In our button example, all we did was upload a zip file to amazon with our code that tells the computer what software to install - our code - to ensure it runs properly. There are many ways to do this, but the important thing is that each computer is given the same instructions on properly setting up the application.
Finally, we should quickly touch on DBs even if our application doesn’t use a database.
The Database (DB)
Since we showed an app that is so simple, we didn’t need a DB, but every application will have a one that an application relies on for data. When you log into a website with a username and password, data gets sent from the computer hosted somewhere else - in our case, AWS - to a database to verify if you should be allowed to enter the site. You can see this interaction in the image above, where the EC2 Instance, which is just a computer, sends information to a database to get data back. And typically, data that is rendered on a webpage is served via a database of some kind.
So, the final, simple application might look something like the following:
Summary
At the heart of each of these different steps is helping the software scale whether through efficiency gains (IDE), collaboration (Git), or infrastructure (AWS).

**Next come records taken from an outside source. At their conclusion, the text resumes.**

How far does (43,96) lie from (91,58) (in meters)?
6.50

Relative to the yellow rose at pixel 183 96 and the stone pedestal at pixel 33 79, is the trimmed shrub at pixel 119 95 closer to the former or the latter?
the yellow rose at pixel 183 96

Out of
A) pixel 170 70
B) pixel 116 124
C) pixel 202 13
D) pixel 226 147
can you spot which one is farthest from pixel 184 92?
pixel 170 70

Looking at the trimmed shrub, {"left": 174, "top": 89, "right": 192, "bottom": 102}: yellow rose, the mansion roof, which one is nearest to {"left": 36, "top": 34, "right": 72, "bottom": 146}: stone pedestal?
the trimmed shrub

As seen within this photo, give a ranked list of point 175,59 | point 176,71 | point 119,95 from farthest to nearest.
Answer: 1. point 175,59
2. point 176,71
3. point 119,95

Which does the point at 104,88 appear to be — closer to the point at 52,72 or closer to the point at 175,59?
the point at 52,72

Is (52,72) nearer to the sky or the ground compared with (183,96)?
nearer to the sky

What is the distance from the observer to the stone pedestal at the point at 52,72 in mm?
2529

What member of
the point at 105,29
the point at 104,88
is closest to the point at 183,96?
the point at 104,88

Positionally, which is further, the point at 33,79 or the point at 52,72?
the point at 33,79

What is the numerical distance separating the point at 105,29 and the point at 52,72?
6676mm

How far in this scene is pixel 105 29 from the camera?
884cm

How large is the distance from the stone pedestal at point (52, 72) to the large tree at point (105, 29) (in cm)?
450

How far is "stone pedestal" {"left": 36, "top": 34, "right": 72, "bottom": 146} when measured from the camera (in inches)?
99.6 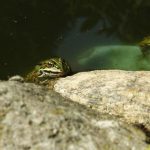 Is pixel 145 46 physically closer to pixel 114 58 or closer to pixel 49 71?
pixel 114 58

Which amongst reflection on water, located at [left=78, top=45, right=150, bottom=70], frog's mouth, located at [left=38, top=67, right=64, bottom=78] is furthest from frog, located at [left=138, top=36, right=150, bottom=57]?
frog's mouth, located at [left=38, top=67, right=64, bottom=78]

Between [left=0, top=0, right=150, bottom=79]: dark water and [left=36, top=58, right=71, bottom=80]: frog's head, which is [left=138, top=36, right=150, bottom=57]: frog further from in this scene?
[left=36, top=58, right=71, bottom=80]: frog's head

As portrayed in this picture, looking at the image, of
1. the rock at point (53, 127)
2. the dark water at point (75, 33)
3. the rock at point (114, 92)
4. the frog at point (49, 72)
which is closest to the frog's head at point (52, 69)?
the frog at point (49, 72)

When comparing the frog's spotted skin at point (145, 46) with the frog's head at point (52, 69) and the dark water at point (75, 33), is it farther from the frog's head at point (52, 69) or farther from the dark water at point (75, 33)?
the frog's head at point (52, 69)

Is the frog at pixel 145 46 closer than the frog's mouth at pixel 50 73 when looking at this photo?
No

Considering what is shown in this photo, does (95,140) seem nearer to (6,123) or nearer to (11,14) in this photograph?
(6,123) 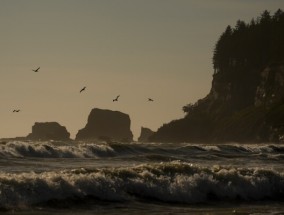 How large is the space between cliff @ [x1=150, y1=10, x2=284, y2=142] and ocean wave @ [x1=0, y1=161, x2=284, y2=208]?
301 feet

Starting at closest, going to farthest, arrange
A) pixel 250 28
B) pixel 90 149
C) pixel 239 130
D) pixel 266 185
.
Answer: pixel 266 185 < pixel 90 149 < pixel 239 130 < pixel 250 28

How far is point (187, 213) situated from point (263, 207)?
420cm

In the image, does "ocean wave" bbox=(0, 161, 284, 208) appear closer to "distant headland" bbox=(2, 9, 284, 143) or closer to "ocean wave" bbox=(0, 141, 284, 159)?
"ocean wave" bbox=(0, 141, 284, 159)

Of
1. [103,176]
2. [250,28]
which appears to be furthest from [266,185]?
[250,28]

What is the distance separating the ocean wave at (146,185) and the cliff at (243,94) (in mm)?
91793

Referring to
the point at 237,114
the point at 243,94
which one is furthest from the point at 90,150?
the point at 243,94

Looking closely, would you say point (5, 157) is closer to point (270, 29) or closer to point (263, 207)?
point (263, 207)

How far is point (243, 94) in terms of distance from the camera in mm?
157125

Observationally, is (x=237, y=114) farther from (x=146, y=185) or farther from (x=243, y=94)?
(x=146, y=185)

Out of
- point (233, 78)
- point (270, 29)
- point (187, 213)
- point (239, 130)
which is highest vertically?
point (270, 29)

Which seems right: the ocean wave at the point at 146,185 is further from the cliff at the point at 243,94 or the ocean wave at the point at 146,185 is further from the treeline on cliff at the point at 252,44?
the treeline on cliff at the point at 252,44

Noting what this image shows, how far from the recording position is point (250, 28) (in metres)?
173

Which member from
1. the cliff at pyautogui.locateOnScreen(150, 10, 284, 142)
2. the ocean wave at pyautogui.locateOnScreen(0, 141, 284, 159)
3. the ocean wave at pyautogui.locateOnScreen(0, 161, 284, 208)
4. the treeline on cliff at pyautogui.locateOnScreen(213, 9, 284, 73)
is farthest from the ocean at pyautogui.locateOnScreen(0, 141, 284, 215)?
the treeline on cliff at pyautogui.locateOnScreen(213, 9, 284, 73)

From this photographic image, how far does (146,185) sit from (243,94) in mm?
130207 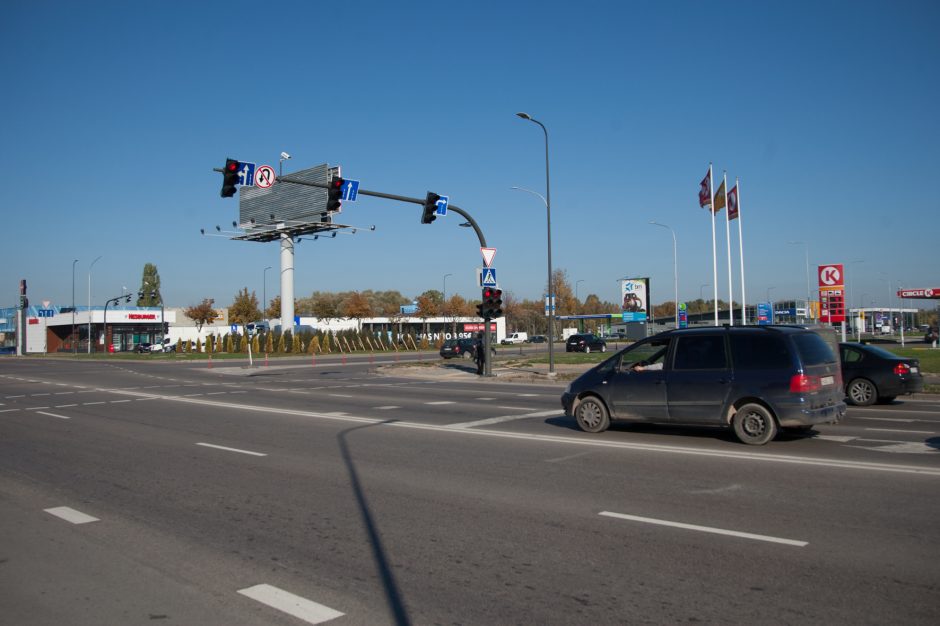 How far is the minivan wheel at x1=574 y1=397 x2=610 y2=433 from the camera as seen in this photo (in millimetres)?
12591

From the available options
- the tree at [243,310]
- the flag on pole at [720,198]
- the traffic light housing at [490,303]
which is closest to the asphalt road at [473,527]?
the traffic light housing at [490,303]

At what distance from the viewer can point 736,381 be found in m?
11.0

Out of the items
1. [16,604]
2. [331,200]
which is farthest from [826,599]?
[331,200]

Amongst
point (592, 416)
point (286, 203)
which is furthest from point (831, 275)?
point (286, 203)

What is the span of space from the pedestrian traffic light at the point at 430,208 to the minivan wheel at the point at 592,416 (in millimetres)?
12931

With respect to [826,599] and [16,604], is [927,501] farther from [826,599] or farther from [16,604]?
[16,604]

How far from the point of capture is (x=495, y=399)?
2012cm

And the great thing that I hope you noticed is that most of the services provided above are provided by AWS or a cloud provider. They manage the different infrastructure pieces to help the software scale.
There is plenty that we did not touch on here: Kubernetes, Docker, routing, message queuing, security, availability, caches, Jira, and other pieces that are standard within modern software development. But I do think there is enough here for one to start getting a better grasp on how software is developed, deployed, and delivered, even if this is a significantly less complex than your standard application. At a minimum, one can see how much more goes into building software than just code!
Finally, registering the site and running the computers on AWS cost me about $16, so you can quickly see why the cloud providers are so valuable.